Originally published on CleanTechnica.
For those wanting to understand what a clean electricity footprint looks like, go to Uruguay.
In less than 10 years, the country has shrunk its carbon footprint while lowering electricity costs, without calling on the government for renewable energy subsidies. In fact, this country now obtains nearly 95% of its electricity from clean energy.
Receiving 60% of its energy from hydropower, the remainder of this country energy portfolio has shifted from fossil fuel domination to a renewable energy, including mostly wind, but some solar and biomass.
In a recent report from The Guardian, we learn that in less than a decade, Uruguay has slashed its carbon footprint without government subsidies or higher consumer costs, states the country’s head of climate change policy, Ramón Méndez.
Not only have electricity prices dropped, Uruguayan energy professionals add that there are fewer power cuts, because a diverse energy mix means greater resilience to droughts.
Uruguay’s electricity mix is as follows:
- Thermal power
- Wind power
- Diesel generators
- Developing solar & biomass
With a population of 3.4 million, this country has been cheered for efforts to ‘decarbonize’ its economy. The list of those applauding includes the World Bank and the Economic Commission for Latin America and the Caribbean. Additionally, the WWF named Uruguay among its “Green Energy Leaders,”proclaiming: “The country is defining global trends in renewable energy investment.”
“What we’ve learned is that renewables is just a financial business,” Méndez said. “The construction and maintenance costs are low, so as long as you give investors a secure environment, it is very attractive.”

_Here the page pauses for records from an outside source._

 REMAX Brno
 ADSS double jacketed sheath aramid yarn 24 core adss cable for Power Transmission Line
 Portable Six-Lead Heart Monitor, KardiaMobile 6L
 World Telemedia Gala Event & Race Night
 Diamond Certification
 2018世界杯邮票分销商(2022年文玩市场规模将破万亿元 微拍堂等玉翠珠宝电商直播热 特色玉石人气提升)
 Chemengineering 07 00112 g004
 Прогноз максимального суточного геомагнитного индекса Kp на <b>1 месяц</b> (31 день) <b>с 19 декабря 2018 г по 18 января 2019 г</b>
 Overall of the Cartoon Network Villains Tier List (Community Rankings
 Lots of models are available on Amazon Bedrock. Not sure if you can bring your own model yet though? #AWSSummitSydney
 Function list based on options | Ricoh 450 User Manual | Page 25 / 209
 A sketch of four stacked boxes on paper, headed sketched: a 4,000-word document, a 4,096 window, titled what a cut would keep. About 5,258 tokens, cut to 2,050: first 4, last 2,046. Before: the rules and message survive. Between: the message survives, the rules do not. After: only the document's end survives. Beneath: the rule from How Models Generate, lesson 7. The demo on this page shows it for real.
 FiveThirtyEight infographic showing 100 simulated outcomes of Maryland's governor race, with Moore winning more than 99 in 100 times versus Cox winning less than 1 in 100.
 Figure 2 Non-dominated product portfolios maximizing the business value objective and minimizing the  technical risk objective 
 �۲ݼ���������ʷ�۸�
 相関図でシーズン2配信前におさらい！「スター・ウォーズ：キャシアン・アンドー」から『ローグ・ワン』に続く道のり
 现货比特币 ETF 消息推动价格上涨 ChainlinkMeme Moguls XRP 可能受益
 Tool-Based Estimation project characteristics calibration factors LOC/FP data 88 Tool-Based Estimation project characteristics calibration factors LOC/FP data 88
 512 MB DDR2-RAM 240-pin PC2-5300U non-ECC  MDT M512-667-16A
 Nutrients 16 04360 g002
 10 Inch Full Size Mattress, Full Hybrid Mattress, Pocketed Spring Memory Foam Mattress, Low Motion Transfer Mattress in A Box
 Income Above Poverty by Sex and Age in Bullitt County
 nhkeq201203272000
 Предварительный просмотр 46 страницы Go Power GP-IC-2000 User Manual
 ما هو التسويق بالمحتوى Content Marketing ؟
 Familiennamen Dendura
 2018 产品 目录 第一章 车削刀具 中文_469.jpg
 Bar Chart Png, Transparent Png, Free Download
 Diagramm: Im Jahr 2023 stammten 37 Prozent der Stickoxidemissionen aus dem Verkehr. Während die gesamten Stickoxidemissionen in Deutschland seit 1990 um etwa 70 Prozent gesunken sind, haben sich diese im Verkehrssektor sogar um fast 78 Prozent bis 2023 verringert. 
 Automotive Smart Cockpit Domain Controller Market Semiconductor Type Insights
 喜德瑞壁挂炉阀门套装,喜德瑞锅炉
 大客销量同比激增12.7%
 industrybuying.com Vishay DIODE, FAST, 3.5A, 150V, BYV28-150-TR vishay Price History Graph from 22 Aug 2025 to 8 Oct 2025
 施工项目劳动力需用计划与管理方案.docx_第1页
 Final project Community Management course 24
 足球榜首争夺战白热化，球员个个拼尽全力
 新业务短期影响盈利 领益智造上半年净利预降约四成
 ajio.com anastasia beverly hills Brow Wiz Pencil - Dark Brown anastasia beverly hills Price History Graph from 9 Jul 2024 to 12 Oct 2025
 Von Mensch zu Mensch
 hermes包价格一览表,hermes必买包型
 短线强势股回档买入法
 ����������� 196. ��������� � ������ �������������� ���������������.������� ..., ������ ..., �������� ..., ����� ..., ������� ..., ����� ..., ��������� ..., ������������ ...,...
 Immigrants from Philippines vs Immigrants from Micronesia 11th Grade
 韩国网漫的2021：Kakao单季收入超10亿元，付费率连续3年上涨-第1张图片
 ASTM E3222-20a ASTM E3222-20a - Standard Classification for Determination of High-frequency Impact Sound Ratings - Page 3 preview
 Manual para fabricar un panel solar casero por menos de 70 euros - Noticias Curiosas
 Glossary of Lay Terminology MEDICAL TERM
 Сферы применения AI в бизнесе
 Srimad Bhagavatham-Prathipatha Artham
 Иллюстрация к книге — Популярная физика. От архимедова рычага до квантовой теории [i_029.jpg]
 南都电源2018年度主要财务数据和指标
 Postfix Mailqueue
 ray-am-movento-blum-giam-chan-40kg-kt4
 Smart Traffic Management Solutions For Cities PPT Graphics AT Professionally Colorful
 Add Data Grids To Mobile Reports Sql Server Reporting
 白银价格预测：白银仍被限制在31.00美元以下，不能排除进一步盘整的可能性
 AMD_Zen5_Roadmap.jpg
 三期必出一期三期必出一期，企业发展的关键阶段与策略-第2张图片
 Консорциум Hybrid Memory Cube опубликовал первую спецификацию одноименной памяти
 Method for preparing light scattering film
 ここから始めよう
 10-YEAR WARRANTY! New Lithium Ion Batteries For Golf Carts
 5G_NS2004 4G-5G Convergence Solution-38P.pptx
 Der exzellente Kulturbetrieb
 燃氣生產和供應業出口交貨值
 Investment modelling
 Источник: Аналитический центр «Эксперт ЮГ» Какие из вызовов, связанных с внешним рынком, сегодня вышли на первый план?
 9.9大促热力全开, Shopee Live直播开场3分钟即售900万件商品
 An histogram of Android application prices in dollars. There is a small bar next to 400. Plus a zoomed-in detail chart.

He said making this successful also involves clear decision-making, a supportive regulatory environment, and a strong partnership between the public and private sector.
Over the last five years, energy investments in Uruguay have grown to $7 billion, or 15% of the country’s annual GDP. This total is five times the average in Latin America. Importantly, the majority of this energy portfolio happens to be clean and renewable.